ACTIVITY
An exact copy of every record is needed.

(Stored items)
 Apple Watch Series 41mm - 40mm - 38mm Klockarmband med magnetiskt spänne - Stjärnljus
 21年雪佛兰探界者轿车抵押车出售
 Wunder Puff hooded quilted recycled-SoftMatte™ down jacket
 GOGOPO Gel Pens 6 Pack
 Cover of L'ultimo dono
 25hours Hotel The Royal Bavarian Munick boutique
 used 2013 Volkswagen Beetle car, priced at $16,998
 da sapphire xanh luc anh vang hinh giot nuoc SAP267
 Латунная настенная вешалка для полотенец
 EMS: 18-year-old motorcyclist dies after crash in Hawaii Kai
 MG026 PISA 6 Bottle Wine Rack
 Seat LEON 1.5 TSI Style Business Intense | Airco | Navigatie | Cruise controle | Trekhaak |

EXERCISE SOLUTION
 Apple Watch Series 41mm - 40mm - 38mm Klockarmband med magnetiskt spänne - Stjärnljus
 21年雪佛兰探界者轿车抵押车出售
 Wunder Puff hooded quilted recycled-SoftMatte™ down jacket
 GOGOPO Gel Pens 6 Pack
 Cover of L'ultimo dono
 25hours Hotel The Royal Bavarian Munick boutique
 used 2013 Volkswagen Beetle car, priced at $16,998
 da sapphire xanh luc anh vang hinh giot nuoc SAP267
 Латунная настенная вешалка для полотенец
 EMS: 18-year-old motorcyclist dies after crash in Hawaii Kai
 MG026 PISA 6 Bottle Wine Rack
 Seat LEON 1.5 TSI Style Business Intense | Airco | Navigatie | Cruise controle | Trekhaak |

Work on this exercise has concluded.